Birla Wants to Feed Financial Services ‘Animal’ With Merger Plan

Industry:    2016-08-18

Indian billionaire Kumar Mangalam Birla’s group said the proposal to merge two companies and spin off its financial services division will help it cut funding costs and boost its lending business.

Combining Grasim Industries Ltd., which controls India’s biggest cement maker, and Aditya Birla Nuvo Ltd., followed by a planned spinoff of Aditya Birla Financial Services Ltd. would help the non-banking unit expand, Ashish Adukia, head of the group corporate finance, said in an interview on Monday.

“We need to grow” the financial services business, which needs 10 billion rupees annually for the next couple of years, Adukia said. “That animal, we cannot stop feeding.”

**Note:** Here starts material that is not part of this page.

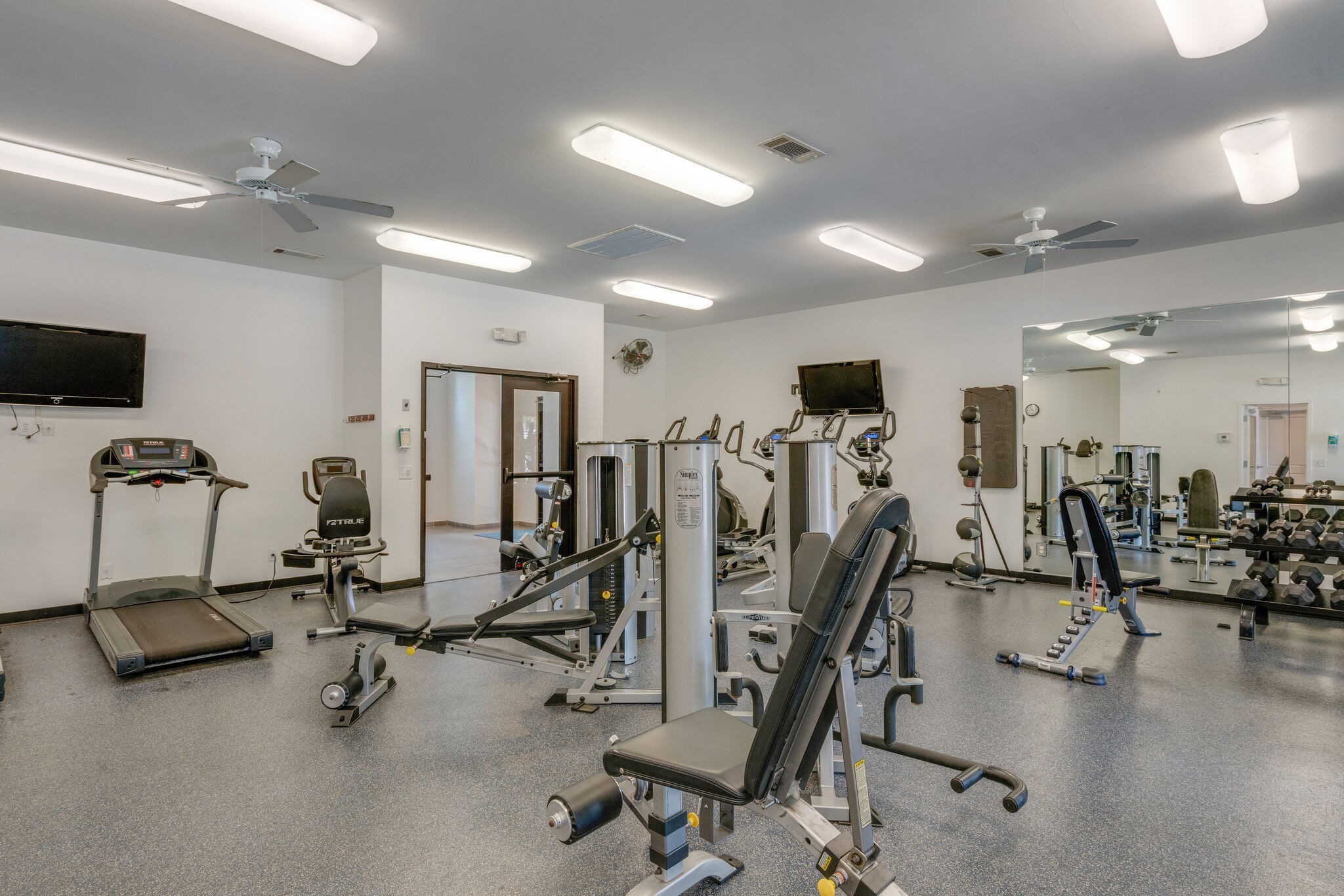 2310 Elliott Ave Unit: 611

The group has been reaching out to investors to explain the rationale of the merger after brokerages from HSBC Holdings Plc to IDFC Securities Ltd. cut their recommendations on Grasim saying the combination would leave the combined entity with non-core businesses.

Worst Performers

Shares of Aditya Birla Nuvo, which has stakes in companies from a mobile-phone operator to a life insurer, plunged the most in eight years on Friday, while Grasim dropped 13 percent last week. The pair tops the list of worst-performing stocks on the S&P BSE 200 Index in the past five trading days.

Including the financial services business within Grasim is important because if the “market isn’t giving the right valuation, then Grasim, the new parent can step in,” Adukia said. The cost of debt “would come down by 25 to 50 basis points as Grasim has an AAA rating compared with AA+ enjoyed by Aditya Birla Nuvo,” he said.

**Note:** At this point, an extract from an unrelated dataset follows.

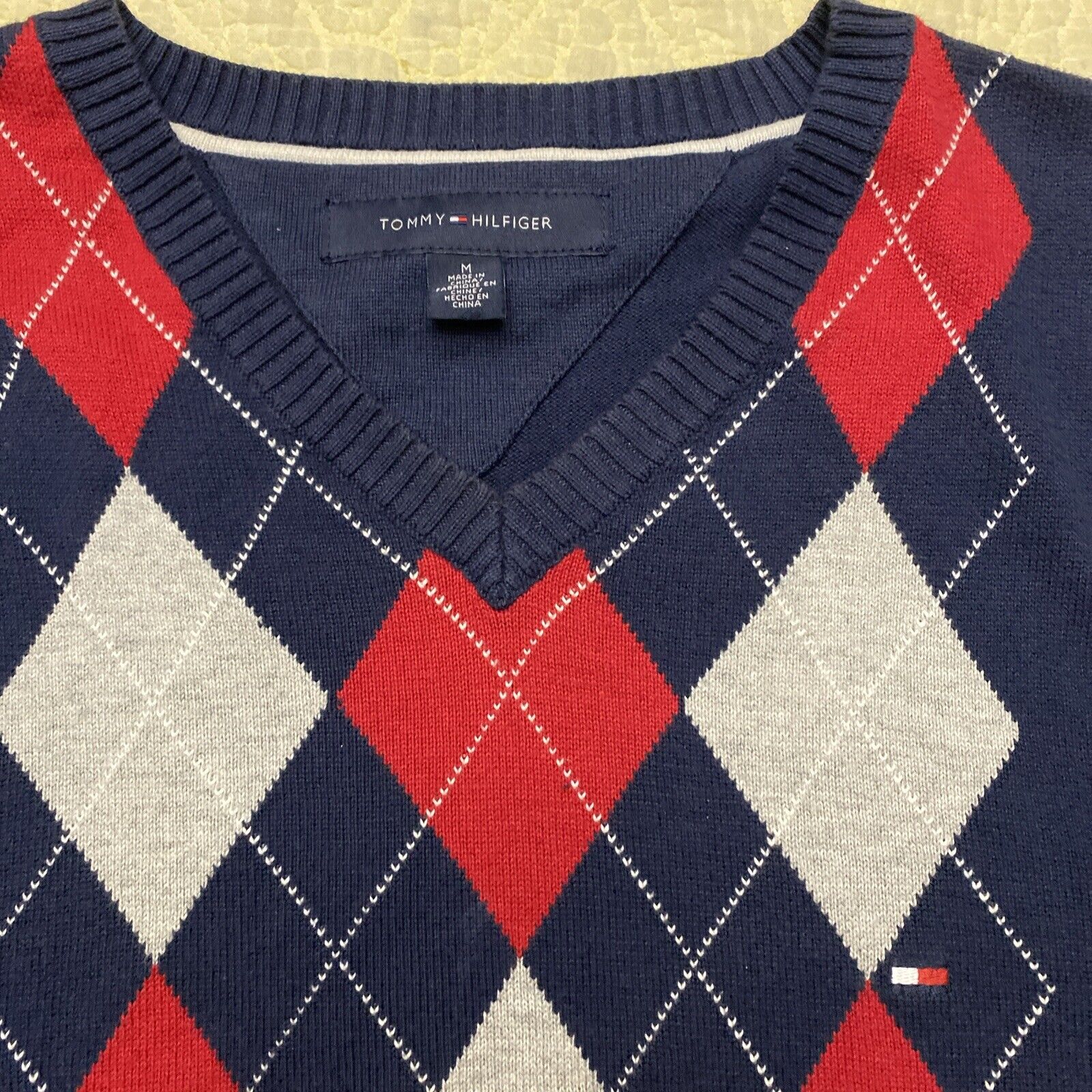 Tommy Hilfiger Men’s Sweater Vest Size M Red Blue… - image 1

Credit growth at the financial-services business has increased to 277.3 billion rupees as of March from 18.50 billion rupees in 2011, Adukia said.

“Grasim currently has businesses which are very large and the rate of growth of these cannot be as high,” Sushil Agarwal, group chief financial officer of the Aditya Birla Group, said on Monday. “It needs access to a high growth business.”

Aditya Birla Nuvo’s shares, which dropped 17.4 percent on Friday, extended the decline on Tuesday and were down 3.9 percent at 12:36 p.m. in Mumbai. Grasim fell 2.2 percent. The benchmark S&P BSE Sensex dropped 0.5 percent.

“Potential exposure to non-core businesses due to the merger and lack of material synergies is likely to remain an overhang for the stock,” HSBC analysts Rajesh Lachhani and Jigar Mistry wrote on Friday, cutting their rating on Grasim to hold and increasing the holding-company discount from 20 percent to 30 percent.

Investors were also concerned that the merger was part of a plan to bolster the group’s wireless unit Idea Cellular Ltd., which Birla denied. The idea is bracing for increased competition from billionaire Mukesh Ambani’s Reliance Jio Infocomm Ltd. and upcoming airwave auctions in which the government hopes to raise a record 5.56 trillion rupees from debt-laden phone carriers.

“While management clearly stated that capital allocation or support to the telecom business was not a consideration for the merger, they did not categorically deny the possibility of the same in the future,” according to the HSBC report.

The revamp proposal, which still needs approval from shareholders, lenders, and the court, is expected to be completed by June 2017. The combined entity, which Birla called “new Grasim” with five lines of business — financial services, telecom, cement, textiles, and chemicals — will have about 600 billion rupees ($9 billion) in revenues and 40 billion rupees in net income.